Doch die Vorstellungen der Agrarwirtschaft lebten bis in die Mitte des 20. Jahrhunderts weiter. Kriege wurden zur Eroberung von Land und Boden geführt. Und Kriege und Re­volutionen begleiteten den Übergang zur Industrialisierung, weil altes Denken und alte Besitzstände das Neue nicht verstanden und die Bedingungen für alle nicht auf die neue Zeit umstellen wollten. So kann es wieder sein beim Übergang vom Industriezeitalter und seinem Kapitalismus in die digitale Ökonomie. Heute ist Kapital nicht mehr knapp. Und ein immer größerer Anteil der Produktion von Gütern und Dienstleistungen braucht heute vergleichsweise wenig Kapital. Zudem ist Kapital viel weniger an menschliche Arbeit gekoppelt – das heißt an ein Einkommen für Menschen – wenn Menschen nicht nur mit Maschinen arbeiten, sondern wenn Maschinen und Programme selbständig vollständige Ar­beits­bereiche übernehmen.

Damit wird Aufmerksamkeit zur knappen Ressource. Zum einen, weil es weniger um die Produktion geht als um die Vermarktung der Aufmerksamkeit der User und Konsumenten. Zum anderen, weil es um den eigenen noch ungeschickten und wenig effizienten Umgang mit der eigenen Aufmerksamkeit geht. Der Umgang mit der eigenen Aufmerksamkeit ist wenig geübt.

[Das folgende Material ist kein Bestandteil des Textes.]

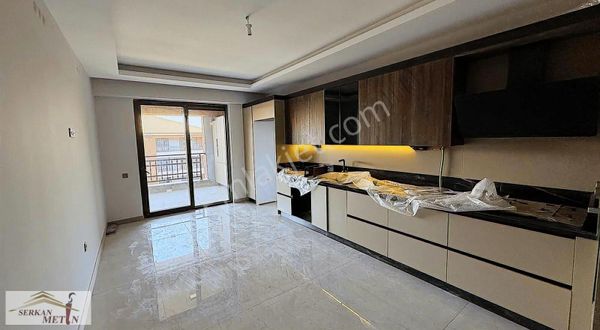 Serkan Metinden Kızılyerde Site İçi Lüks 4+1 Satılık Daire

In der Schule, der Ausbildung und der Arbeit ging es lange um Disziplinierung von außen, darum, die Aufmerksamkeit zu trimmen auf von außen gesetzte Ziele und Inhalte. Die selbst geführte, eigene Aufmerksamkeit war das, was wegzutrainieren war. Für die Freizeit stehen der amputierten eigenen Aufmerksamkeit Unterhaltungsprogramme zur Verfügung. Da die Unfähigkeit zur eigenen Aufmerksamkeit und die Bedeutungslosigkeit der eigenen Aufmerksamkeit so fest in die Köpfe gesetzt wurde, wird in der Digitalisierung von vielen ebenfalls nur Freizeit gesehen. Genauso werden die Möglichkeiten, die ein bedingungsloses Grundeinkommen eröffnet, von vielen nur als Zeit für Hobby und Ferien interpretiert. Das entspricht einem Arbeitsbegriff ohne den Wert eigener Aufmerksamkeit.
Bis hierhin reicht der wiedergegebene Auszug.